▸ **What to produce**
Below is a block of records. Copy every line in it that contains the word "Road".

Dataset records:
%%
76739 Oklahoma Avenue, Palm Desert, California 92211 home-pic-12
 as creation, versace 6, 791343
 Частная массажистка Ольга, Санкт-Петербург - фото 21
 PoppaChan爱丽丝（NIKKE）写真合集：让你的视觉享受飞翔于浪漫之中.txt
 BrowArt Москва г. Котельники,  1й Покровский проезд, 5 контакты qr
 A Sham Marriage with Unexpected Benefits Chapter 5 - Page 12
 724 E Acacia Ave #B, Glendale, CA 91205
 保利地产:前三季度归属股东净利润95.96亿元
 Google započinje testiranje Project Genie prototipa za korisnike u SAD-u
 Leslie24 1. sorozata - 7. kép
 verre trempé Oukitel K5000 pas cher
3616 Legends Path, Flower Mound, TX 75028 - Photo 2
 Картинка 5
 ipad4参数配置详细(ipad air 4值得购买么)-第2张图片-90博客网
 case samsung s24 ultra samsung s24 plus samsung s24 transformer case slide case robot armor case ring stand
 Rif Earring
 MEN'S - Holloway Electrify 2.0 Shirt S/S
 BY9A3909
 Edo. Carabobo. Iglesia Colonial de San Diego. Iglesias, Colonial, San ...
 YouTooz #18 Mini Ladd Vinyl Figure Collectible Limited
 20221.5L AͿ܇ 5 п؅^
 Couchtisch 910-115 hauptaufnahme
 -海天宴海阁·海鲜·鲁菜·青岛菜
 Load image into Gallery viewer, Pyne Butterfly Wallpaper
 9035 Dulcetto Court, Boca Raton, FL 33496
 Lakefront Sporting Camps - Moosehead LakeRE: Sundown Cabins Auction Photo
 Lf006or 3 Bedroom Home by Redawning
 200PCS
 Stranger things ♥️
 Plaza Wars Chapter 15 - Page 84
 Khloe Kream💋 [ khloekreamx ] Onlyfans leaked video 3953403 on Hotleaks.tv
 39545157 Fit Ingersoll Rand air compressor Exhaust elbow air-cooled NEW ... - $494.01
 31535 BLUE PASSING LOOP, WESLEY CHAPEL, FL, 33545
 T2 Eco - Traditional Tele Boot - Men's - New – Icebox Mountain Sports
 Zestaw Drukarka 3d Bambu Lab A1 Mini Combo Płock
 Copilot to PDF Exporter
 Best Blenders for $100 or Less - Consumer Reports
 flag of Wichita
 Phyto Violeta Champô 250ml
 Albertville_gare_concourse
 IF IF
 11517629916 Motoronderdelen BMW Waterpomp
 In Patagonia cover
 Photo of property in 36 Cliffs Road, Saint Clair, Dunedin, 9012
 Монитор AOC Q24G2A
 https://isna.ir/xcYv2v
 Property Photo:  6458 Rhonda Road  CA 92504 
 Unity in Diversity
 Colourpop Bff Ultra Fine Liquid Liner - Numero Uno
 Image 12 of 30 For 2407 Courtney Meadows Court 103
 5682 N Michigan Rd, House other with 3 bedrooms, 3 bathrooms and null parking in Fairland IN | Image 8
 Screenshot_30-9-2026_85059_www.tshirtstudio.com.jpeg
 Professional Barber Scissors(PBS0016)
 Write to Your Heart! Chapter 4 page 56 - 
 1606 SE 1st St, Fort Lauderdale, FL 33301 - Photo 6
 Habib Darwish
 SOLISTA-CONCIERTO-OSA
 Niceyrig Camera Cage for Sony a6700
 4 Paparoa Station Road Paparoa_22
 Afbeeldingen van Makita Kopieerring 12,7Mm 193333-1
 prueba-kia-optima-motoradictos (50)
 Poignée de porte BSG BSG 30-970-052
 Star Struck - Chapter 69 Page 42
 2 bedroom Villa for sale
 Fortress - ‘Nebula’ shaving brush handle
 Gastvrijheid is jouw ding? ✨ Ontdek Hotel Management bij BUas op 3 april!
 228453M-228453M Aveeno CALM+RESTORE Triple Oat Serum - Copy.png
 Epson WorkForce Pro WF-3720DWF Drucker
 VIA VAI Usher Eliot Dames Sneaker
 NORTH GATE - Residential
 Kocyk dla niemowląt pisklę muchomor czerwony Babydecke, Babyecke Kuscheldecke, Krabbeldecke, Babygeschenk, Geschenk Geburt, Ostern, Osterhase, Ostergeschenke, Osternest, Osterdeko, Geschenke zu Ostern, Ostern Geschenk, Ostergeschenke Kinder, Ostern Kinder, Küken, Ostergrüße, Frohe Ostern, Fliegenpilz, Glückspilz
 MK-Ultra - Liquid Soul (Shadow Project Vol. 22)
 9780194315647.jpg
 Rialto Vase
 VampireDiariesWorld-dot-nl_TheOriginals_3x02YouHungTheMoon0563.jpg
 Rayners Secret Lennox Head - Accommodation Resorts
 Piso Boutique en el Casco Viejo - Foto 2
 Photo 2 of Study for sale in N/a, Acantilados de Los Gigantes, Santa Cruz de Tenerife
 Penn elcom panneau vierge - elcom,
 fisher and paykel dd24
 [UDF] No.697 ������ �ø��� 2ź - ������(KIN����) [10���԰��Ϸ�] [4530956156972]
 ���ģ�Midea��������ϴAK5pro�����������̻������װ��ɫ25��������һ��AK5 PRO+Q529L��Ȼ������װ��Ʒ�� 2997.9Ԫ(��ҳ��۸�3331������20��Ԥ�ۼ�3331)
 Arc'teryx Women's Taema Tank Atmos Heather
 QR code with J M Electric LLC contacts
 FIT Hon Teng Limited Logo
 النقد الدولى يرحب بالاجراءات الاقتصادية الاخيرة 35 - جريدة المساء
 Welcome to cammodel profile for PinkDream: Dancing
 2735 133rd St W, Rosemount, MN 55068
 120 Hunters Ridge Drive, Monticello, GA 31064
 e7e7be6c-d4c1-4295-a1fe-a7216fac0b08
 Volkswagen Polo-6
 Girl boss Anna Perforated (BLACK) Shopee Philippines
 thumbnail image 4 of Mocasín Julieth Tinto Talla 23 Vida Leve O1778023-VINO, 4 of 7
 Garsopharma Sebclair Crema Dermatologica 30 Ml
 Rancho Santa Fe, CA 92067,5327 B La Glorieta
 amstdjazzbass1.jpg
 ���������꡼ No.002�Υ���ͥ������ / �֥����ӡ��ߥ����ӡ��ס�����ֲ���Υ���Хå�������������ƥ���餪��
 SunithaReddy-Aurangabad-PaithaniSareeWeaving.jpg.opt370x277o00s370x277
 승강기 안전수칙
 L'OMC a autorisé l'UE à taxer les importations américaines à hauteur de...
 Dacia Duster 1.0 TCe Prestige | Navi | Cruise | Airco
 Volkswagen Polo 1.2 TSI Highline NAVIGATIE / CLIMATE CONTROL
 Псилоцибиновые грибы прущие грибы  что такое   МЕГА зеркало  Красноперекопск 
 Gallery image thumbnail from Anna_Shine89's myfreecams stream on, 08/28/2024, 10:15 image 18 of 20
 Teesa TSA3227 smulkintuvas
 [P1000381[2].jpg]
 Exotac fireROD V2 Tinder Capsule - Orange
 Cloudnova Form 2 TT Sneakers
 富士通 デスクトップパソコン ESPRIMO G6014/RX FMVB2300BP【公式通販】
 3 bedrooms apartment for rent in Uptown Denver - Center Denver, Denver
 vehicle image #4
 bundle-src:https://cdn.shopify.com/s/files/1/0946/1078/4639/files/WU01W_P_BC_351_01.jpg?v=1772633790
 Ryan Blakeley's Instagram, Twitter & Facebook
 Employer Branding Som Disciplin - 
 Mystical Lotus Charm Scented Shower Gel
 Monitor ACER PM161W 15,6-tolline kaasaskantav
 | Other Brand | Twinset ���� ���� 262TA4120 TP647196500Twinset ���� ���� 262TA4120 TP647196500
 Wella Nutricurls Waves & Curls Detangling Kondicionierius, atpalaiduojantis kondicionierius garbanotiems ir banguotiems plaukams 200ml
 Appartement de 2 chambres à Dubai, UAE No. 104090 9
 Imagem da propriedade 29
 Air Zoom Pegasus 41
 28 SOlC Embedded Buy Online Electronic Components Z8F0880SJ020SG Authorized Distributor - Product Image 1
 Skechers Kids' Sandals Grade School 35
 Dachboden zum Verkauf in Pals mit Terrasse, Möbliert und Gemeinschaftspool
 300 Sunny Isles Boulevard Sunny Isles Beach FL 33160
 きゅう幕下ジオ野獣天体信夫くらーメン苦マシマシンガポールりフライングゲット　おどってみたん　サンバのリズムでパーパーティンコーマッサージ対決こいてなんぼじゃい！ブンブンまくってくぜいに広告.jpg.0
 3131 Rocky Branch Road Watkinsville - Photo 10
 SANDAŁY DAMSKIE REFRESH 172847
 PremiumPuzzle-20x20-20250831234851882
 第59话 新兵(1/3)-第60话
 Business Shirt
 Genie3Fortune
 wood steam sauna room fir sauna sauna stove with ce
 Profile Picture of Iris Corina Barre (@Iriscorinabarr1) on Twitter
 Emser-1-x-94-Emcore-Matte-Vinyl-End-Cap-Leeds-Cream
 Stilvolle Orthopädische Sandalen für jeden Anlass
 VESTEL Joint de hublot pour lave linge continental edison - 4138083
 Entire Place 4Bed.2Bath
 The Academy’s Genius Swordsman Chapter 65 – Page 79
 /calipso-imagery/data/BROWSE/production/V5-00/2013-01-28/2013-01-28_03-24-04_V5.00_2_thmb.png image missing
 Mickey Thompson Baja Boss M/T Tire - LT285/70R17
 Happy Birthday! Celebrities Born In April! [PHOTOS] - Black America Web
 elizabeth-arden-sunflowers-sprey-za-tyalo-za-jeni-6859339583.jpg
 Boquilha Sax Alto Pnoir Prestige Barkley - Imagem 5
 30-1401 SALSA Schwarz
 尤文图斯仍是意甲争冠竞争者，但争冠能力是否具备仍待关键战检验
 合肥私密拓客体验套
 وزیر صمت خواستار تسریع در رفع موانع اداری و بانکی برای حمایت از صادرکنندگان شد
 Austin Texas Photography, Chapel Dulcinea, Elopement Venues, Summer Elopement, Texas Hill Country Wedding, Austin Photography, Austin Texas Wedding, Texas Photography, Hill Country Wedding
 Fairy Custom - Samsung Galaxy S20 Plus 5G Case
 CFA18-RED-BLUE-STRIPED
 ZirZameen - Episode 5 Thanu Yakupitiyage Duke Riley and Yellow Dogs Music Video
%%
▸ **Exercise result**
 Photo of property in 36 Cliffs Road, Saint Clair, Dunedin, 9012
 Property Photo:  6458 Rhonda Road  CA 92504 
 4 Paparoa Station Road Paparoa_22
 3131 Rocky Branch Road Watkinsville - Photo 10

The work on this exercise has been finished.